In tal senso, quella di John Wick si conferma l’unica saga action americana capace di confrontarsi con i maestri d’Oriente, soprattutto The Raid e The Villainess, quest’ultimo citato da Reeves e Stahelski come fonte d’ispirazione. Da quel cinema, John Wick 3 ricava il gusto per l’azione parossistica che sfrutta l’ambiente come un’arma, allestendo scontri fisici molto brutali, dinamici ed eterogenei. Il merito è in gran parte del coordinatore Jonathan Eusebio, che compie un lavoro eccezionale sui corpi degli stunt e sulla loro disposizione nello spazio: complici il mestiere di Stahelski e il talento di Dan Laustsen (direttore della fotografia degli ultimi film di Del Toro), l’azione è resa sullo schermo con limpidezza, senza quei trucchetti di montaggio che spesso mascherano l’inesperienza degli attori. Qui, al contrario, le inquadrature valorizzano tanto le coreografie quanto l’abilità degli interpreti, tra cui si fa notare un grande artista marziale come Mark Dacascos, rivale e fan di John Wick. A sorprendere è anche la ricerca continua di nuove soluzioni, un netto passo avanti rispetto al secondo episodio. La varietà degli strumenti a disposizione del film risulta evidente soprattutto nelle scene a Casablanca, dove un’agguerrita Halle Berry ricorda a Hollywood che c’è ancora spazio per lei nei blockbuster, e i due cani di Sofia sono al centro di coreografie elaboratissime: mai vista una simile orchestrazione di corpi umani e animali in una scena d’azione, sempre con la massima chiarezza espositiva.

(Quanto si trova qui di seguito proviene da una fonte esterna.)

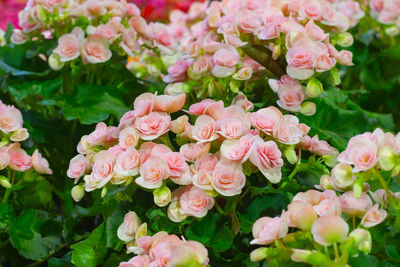 Close-up of pink roses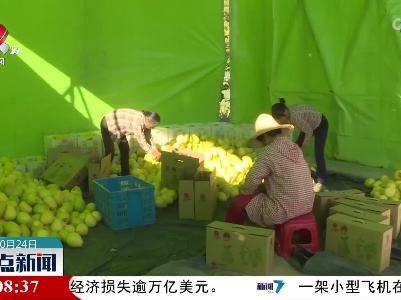 【又到一年丰收季】井冈山：千亩蜜柚喜获丰收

Gli scontri si fanno più ripetitivi – ma non tediosi – nel finale, quando però si possono apprezzare al meglio le scenografie di Kevin Kavanaugh, il cui Continental Hotel sembra quasi trasportarci in una dimensione sovrasensibile fatta di cristalli e immagini digitali. In fondo, i corpi dei protagonisti non sono meno “irreali” degli ambienti che li circondano, a cominciare dall’indistruttibile John: le ambizioni seriali spingono il film ben oltre la sospensione d’incredulità, spiazzando al contempo chi si aspettava qualcosa di più definitivo. Ma ormai lo sappiamo: il corpo di John Wick non è tarato per il riposo.